Umsatzrückgänge: Ausbleiben der großen Jackpots
Gärtner erläuterte aus seiner Sicht: Die Umsatzrückgänge bei Lotto in 2008 hingen mit dem Fehlen größerer Jackpots zusammen. Im bisherigen Jahresverlauf 2009 sei wieder eine Steigerung um bisher 13,4 Prozent in NRW zu verzeichnen. Spannenverluste hingen oft auch mit dem Fehlen einer vernünftigen betriebswirtschaftlichen Steuerung der Handelsunternehmen zusammen. Die Testkäufe, durch den Staatsvertrag bedingt, könnten zwar hinderlich sein, sie seien aber nicht schuld an den Geschäftsschließungen. Es gebe keinen erkennbaren Zusammenhang zwischen Jugendschutz und Umsätzen. Testkäufe könne WestLotto nur bei den eigenen Annahmestellen durchführen, im Bereich privater Wettbewerber sei dies Sache der Ordnungsbehörden. Es sei klar, dass es ein Problem ist, den Jugendschutz nicht nur zu 99,9, sondern zu 100 Prozent zu garantieren. Aber die Annahmestellenleiter seien die im Geschäft dafür Verantwortlichen.
Spannenverbesserung und Testkäufe
In der anschließenden Diskussion wurde händlerseitig die Frage aufgeworfen, warum es denn angesichts der gewachsenen Aufgaben für die Annahmestellen keine Spannenverbesserung gebe. Auch kam Kritik auf an überzogenen Formen von Testkäufen, z.B. mit gefälschten Ausweisen, und gleichzeitig die Anregung, hier blockweit einheitliche Maßstäbe anzulegen. Auch das Konzept einer intelligenten Kundenkarte wurde in die Diskussion geworfen. Gärtner wies darauf hin, dass die Tests in NRW überwiegend mit jungen Erwachsenen durchgeführt würden, bei deren Nichtüberprüfung zunächst einmal mit Mahnungen, Nachschulungen und erst dann mit Kündigungen reagiert werde. Dem Hinweis Teckenburgs, dass bei einem Rückgang des Ertraganteils aus Tabakwaren, Presse, Lotto von heute durchschnittlich 80 Prozent am Gesamtumsatz der Annahmestellen künftig vermutlich nur noch 65 Prozent erwirtschaftet würden, begegnete Gärtner mit der Aussage: Lotto ist ein Pfropfring, den es durch geeignete Reiser zu veredeln gilt. Michael Barth hob die Rolle von Lotto als Frequenzbringer hervor.
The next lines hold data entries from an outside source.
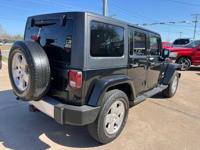 2011 Jeep Wrangler Unlimited Sahara 4WD Norman - Image 5
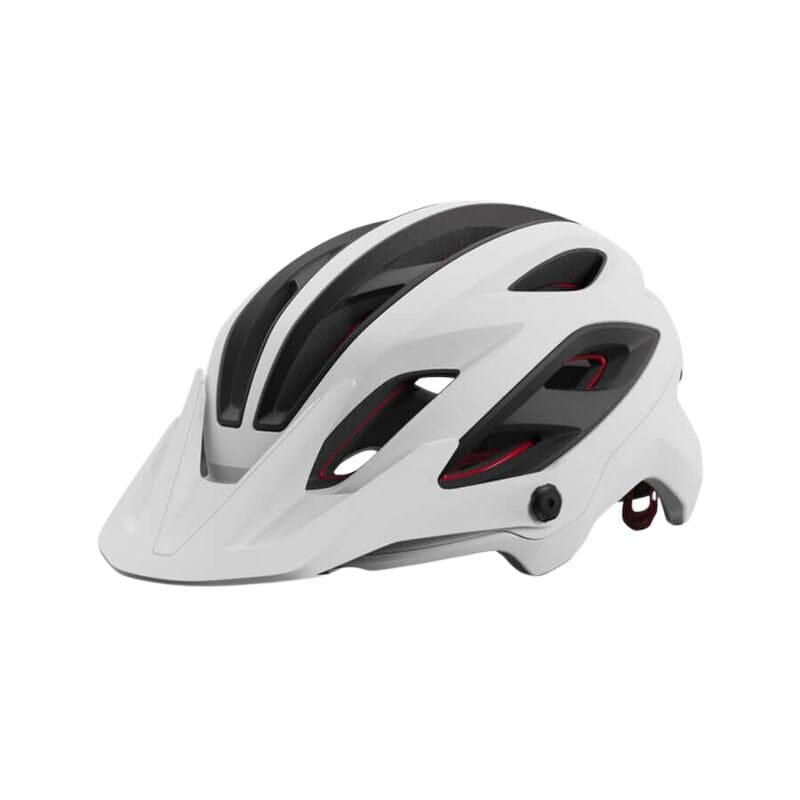 Giro Merit Spherical Helmet Apparel Giro Matte White/Black M 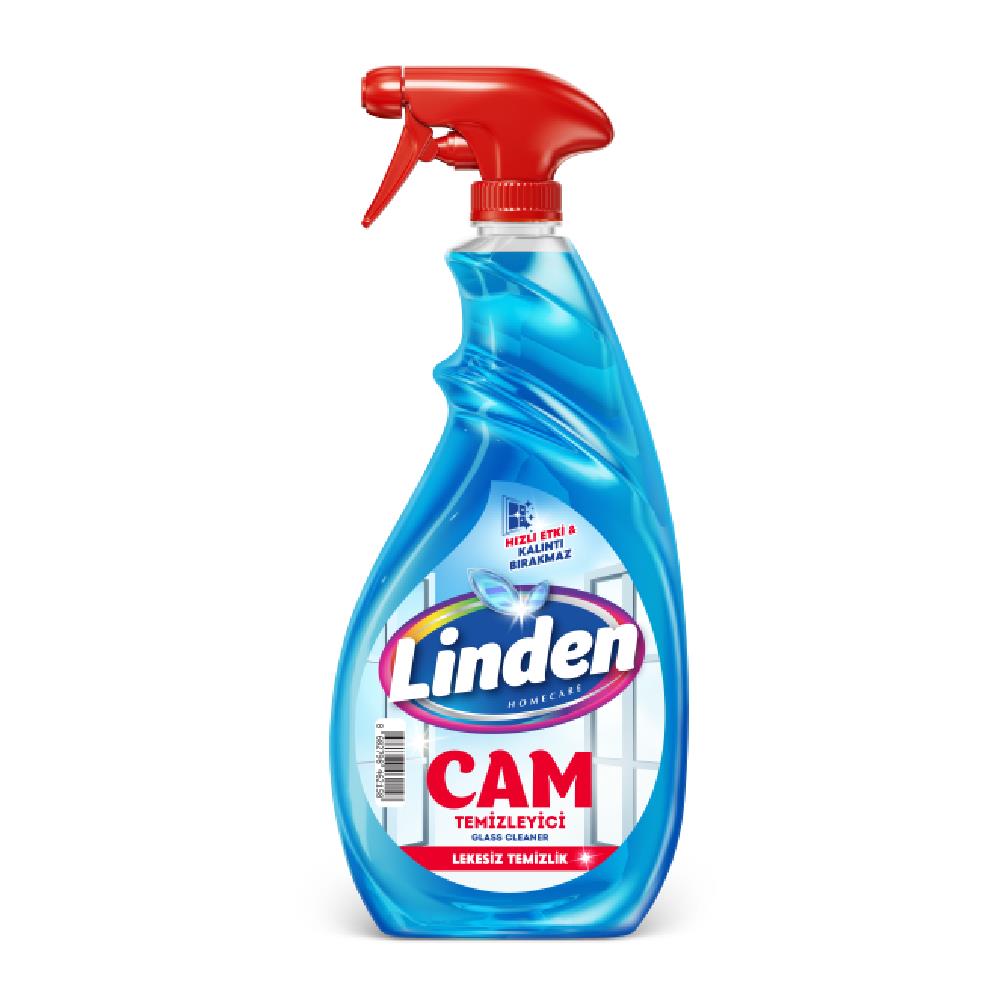 Linden Cam Temizleyici 750 ml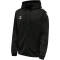 hummel Core XK Poly Kapuzenjacke 2042 - black/black S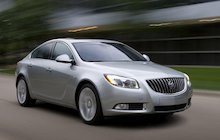 Buick Regal Turbo Flex-Fuel
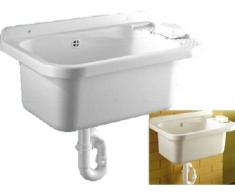 Lavabo in resina cm. 50x32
Modernisierung des Systems
Die Anregung aus dem Teilnehmerkreis, Lotto zu modernisieren, andere Spielformen zu kreieren und den Einsatz mit attraktiven Gewinnplänen zu erhöhen, begrüßte Barth, der Lotto-Block sei in den letzten Jahren beweglicher geworden. Auf die Euro-Lotterie angesprochen, sagte er aber, derzeit sei die Zeit dafür noch nicht reif. Dann schlug er den Bogen von der politischen Bedeutung der Annahmestellen als Mittelstand und Nahraumversorger zu den dazu notwendigen Sortimenten und Sortimentsergänzungen für deren Zukunftssicherung, in die sich auch die Bremer Lottogesellschaft durch geeignete Marktforschung einbringe. Zu den Forderungen nach Spannenerhöhungen, empfahl er, mit der Politik zu reden, denn der Großteil des Geldes gehe an den Staat. Er sprach aber auch seine Überzeugung aus, dass reine Margenverbesserungen nicht zum dauerhaften Überleben gefährdeter Annahmestellen führten. In NRW waren Bemühungen um eine Dotierung für zusätzlichen Arbeitsaufwand durchaus von Erfolg gekrönt, unterstrich Dr. Schulte mit Hinweis auf den Betrag von 1,3 Mio. Euro, der als Unterstützung für die besonderen Belastungen an die Annahmestellen ausgezahlt worden war.
Aktiv verkaufen
Einig waren sich Podiumsdiskutanten und Tagungsteilnehmer, dass man klar zu den eigenen Produkten stehen und aktiv verkaufen müsse.